Thunder Bay MP Bruce Hyer joins Green Party, doubles caucus



Bruce Hyer, who was elected as an NDP MP for Thunder Bay–Superior North and left the caucus over the party's stance on the long-gun registry, announces Friday he will be joining leader Elizabeth May as a Green Party MP. Jeff Walters/CBC

Bruce Hyer, who was elected as an NDP MP for Thunder Bay–Superior North and left the caucus over the party's stance on the long-gun registry, announces Friday he will be joining leader Elizabeth May as a Green Party MP. Jeff Walters/CBC

Independent MP Bruce Hyer was in Thunder Bay, Ont., today to announce his decision to join the Green Party, almost two years after leaving the NDP caucus.

"As of today, I like to call my status as Independent Plus," Hyer told reporters gathered for his announcement Friday morning.

The Ontario MP said he will now have the resources of the "only truly democratic party" in the House of Commons — a not-so-subtle jab at the federal New Democrats.

Hyer left the NDP caucus on April 23, 2012, after party discipline required New Democrat MPs to support the long-gun registry, something the MP for Thunder Bay–Superior North said he could not do.

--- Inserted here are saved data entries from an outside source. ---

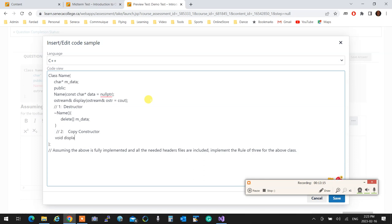If you write over here, void display, and write a perfect display for me. If you write over here, ostream, and start implementing the display for me. Anything that is not relative to what I asked for, I'm not going to even give you any partial mark.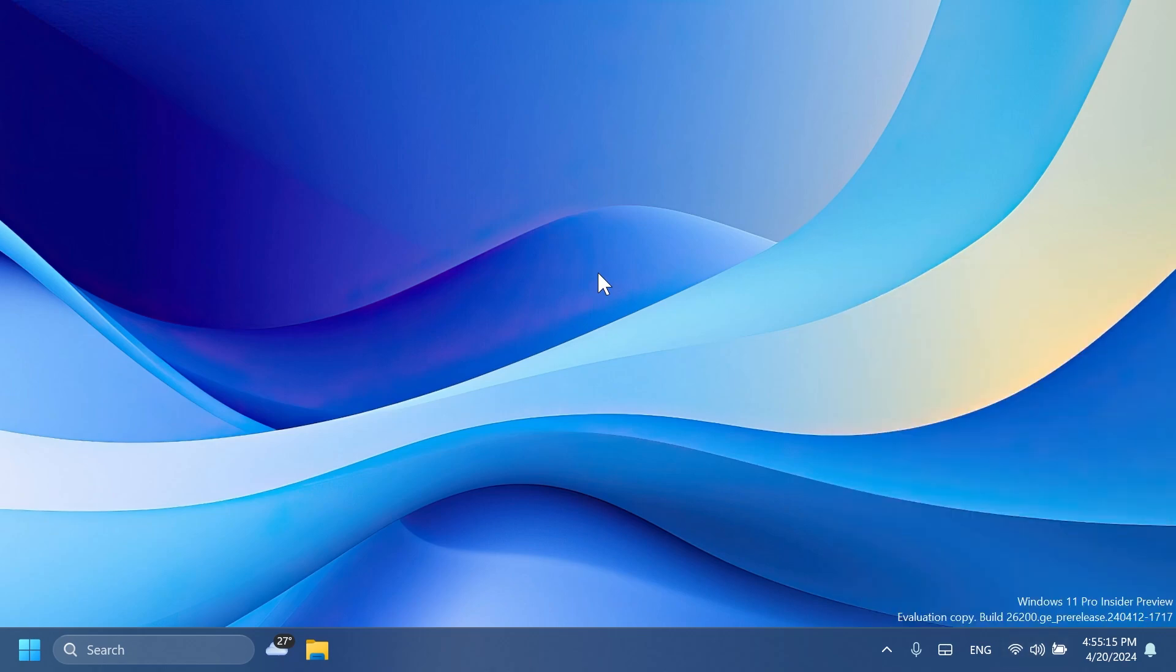Related to windowing, they fixed an issue which could cause RemoteApp windows to get cut off when using 200% scaling. Related to multiple desktops, they fixed an issue where the option to set a different wallpaper on each desktop wasn't working. Basically, this is all there is to it.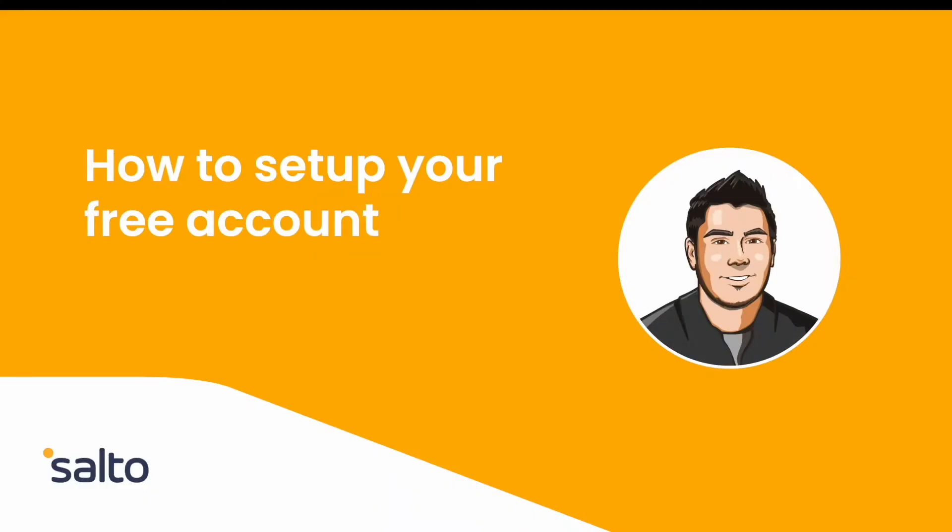Hi there, this is Pablo. I'm a business engineering architect at Salto and in today's video we're going to talk about how to set up your free account with Salto.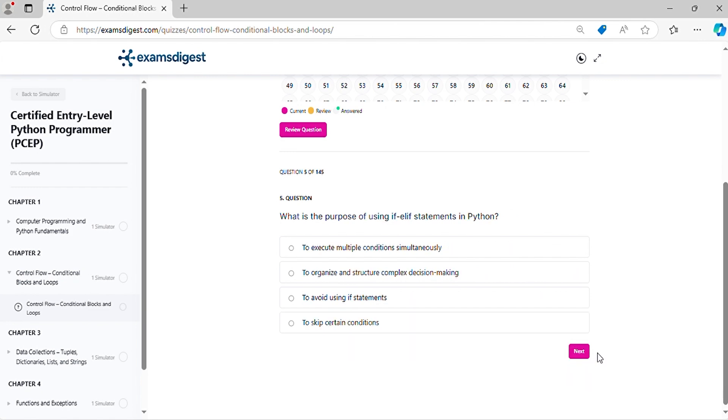Question 5. What is the purpose of using if-elif statements in Python?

The NDP had previously disciplined the Ontario MP and NDP MP John Rafferty for siding with the Conservatives during a vote to dismantle to gun registry.

Hyer, a longtime advocate of democratic reform, made the announcement with Green Party Leader Elizabeth May at his side.

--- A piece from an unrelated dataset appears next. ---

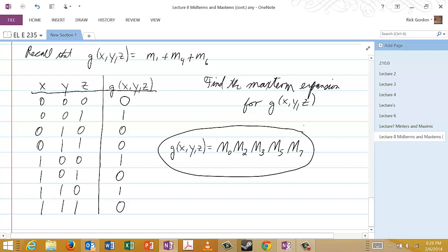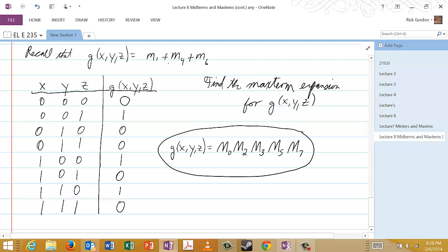The reasoning behind this is as follows. Remember that each maxterm will be equal to 1 most of the time — in fact, equal to 1 all of the time except in one possible combination of the variables. For the function g to be equal to 0, at least one of these terms has to be 0. There are five combinations where g equals 0, so we have these five maxterms: M0 is 0 for 0,0,0; M2 is 0 for 0,1,0; M3 for 0,1,1; M5 for 1,0,1; and M7 for 1,1,1. Notice that we didn't have to do any algebra at all. You could simply say: if the minterms are 1, 4, and 6, then the maxterms will be 0, 2, 3, 5, and 7.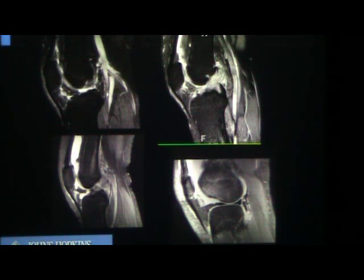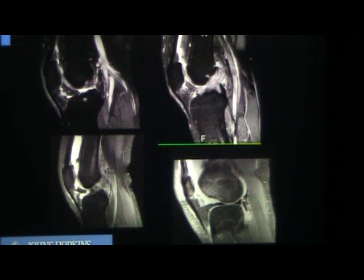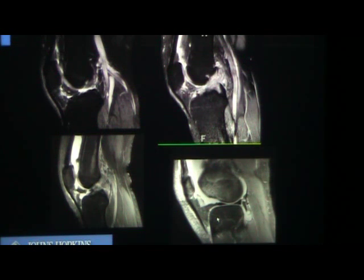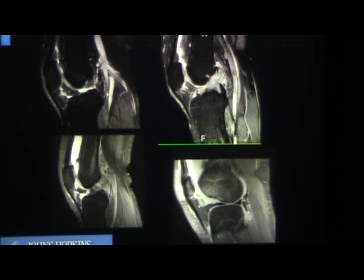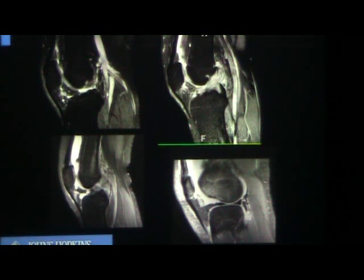The inferior plica goes to the Hoffa's fat pad. A normal one shows a little bit of signal, but in this case there's a lot of signal — this is called a sprained ligamentum mucosum or sprained inferior plica. Sometimes you can see tears: when you see fluid outpouchings in the Hoffa's fat pad with a lot of edema, that's a torn plica. With ACL injuries, you commonly get shearing injuries to the Hoffa's fat pad and plica injuries. If the patient has anterior pain, nothing else is happening, and you see edema in the area of the ligamentum mucosum — that's the diagnosis.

"This is the only party and Elizabeth [May] is the only leader that seeks consistently day after day co-operation and compromise with other parties out of respect for all of the MPs in the House," Hyer said.

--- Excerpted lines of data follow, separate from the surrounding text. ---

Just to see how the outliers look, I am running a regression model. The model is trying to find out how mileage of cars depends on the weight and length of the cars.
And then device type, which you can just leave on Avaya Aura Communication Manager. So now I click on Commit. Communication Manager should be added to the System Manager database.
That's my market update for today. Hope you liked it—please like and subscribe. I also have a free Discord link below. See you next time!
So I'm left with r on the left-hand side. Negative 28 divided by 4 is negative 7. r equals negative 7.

The former NDP MP said May has promised him his votes will not be whipped unlike the Conservatives, NDP and Liberals who "still require lockstep discipline in the House will little room for meaningful public debate."

NDP calls on Hyer to resign his seat

In an interview with CBC's Julie Van Dusen, May said "the policies of the Green Party oppose the idea that political party affiliation should trump your commitment to your constituents."​

May also said Hyer has "a long history as someone who has been a committed environmentalist, conservationist…he has a very strong 'green' track record."

The NDP called on Hyer to resign his seat immediately and run again in a byelection, saying he is betraying his constituents by joining a party they did not vote for in the last federal election.

"Hyer has broken faith with the voters. We are calling on him to do the right thing, the honourable thing, and immediately resign his seat and give the voters of Thunder Bay-Superior North a real choice in a by-election," NDP ethics critic Charlie Angus said in a written statement.

Angus said Hyer really left the NDP caucus because he was not given a role in the party's shadow cabinet.

John Percy, leader of the Green Party in Nova Scotia, welcomed the former NDP MP, saying in a post on Twitter, "Welcome to Bruce Hyer, a man who understands 21st century politics."

Last week, Conservative MP Michael Chong, tabled the proposed reform act, a private member's bill that would restore power to MPs in the House of Commons.

The Green Party Leader said she and Hyer had a lot of time to talk this past year and a half as the two are seated next to each other in the Commons.